First, they target a Muslim: not due to any evidence of intent or capability to engage in terrorism, but rather for the “radical” political views he expresses. In most cases, the Muslim targeted by the FBI is a very young (late teens, early 20s), adrift, unemployed loner who has shown no signs of mastering basic life functions, let alone carrying out a serious terror attack, and has no known involvement with actual terrorist groups.

They then find another Muslim who is highly motivated to help disrupt a “terror plot”: either because they’re being paid substantial sums of money by the FBI or because (as appears to be the case here) they are charged with some unrelated crime and are desperate to please the FBI in exchange for leniency (or both). The FBI then gives the informant a detailed attack plan, and sometimes even the money and other instruments to carry it out, and the informant then shares all of that with the target.
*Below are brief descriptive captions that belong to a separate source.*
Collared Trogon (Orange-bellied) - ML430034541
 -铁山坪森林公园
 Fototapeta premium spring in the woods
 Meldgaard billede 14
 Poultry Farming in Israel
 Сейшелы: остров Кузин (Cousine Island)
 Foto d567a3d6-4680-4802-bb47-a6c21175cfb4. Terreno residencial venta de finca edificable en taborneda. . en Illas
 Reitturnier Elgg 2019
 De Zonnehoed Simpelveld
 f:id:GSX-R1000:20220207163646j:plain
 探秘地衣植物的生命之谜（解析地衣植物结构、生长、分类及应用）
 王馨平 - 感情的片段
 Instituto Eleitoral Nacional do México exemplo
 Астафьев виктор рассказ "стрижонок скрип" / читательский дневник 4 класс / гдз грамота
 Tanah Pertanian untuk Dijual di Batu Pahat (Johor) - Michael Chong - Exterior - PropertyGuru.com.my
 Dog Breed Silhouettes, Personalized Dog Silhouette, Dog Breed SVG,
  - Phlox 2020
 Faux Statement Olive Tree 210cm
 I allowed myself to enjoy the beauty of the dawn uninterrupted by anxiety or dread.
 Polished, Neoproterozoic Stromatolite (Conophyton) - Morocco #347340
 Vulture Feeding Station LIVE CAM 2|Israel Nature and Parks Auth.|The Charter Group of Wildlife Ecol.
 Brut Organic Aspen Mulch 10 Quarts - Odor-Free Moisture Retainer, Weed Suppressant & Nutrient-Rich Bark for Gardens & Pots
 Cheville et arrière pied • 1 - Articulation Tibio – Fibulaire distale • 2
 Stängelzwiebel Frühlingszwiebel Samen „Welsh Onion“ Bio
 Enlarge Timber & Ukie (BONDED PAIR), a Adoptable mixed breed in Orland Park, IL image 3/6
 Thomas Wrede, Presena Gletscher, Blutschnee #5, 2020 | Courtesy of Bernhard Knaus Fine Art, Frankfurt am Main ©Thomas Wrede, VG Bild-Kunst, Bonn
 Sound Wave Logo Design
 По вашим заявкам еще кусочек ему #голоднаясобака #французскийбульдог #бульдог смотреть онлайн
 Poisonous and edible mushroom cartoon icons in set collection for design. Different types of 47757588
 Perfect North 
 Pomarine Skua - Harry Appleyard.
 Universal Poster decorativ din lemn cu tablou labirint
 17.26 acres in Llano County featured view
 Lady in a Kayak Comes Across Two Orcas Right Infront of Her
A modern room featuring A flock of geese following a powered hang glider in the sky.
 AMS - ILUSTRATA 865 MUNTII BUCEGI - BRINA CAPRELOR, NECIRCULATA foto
Typically, the informant also induces, lures, cajoles, and persuades the target to agree to carry out the FBI-designed plot. In some instances where the target refuses to go along, they have their informant offer huge cash inducements to the impoverished target.

Once they finally get the target to agree, the FBI swoops in at the last minute, arrests the target, issues a press release praising themselves for disrupting a dangerous attack (which it conceived of, funded, and recruited the operatives for), and the DOJ and federal judges send their target to prison for years or even decades (where they are kept in special GITMO-like units). Subservient U.S. courts uphold the charges by applying such a broad and permissive interpretation of “entrapment” that it could almost never be successfully invoked.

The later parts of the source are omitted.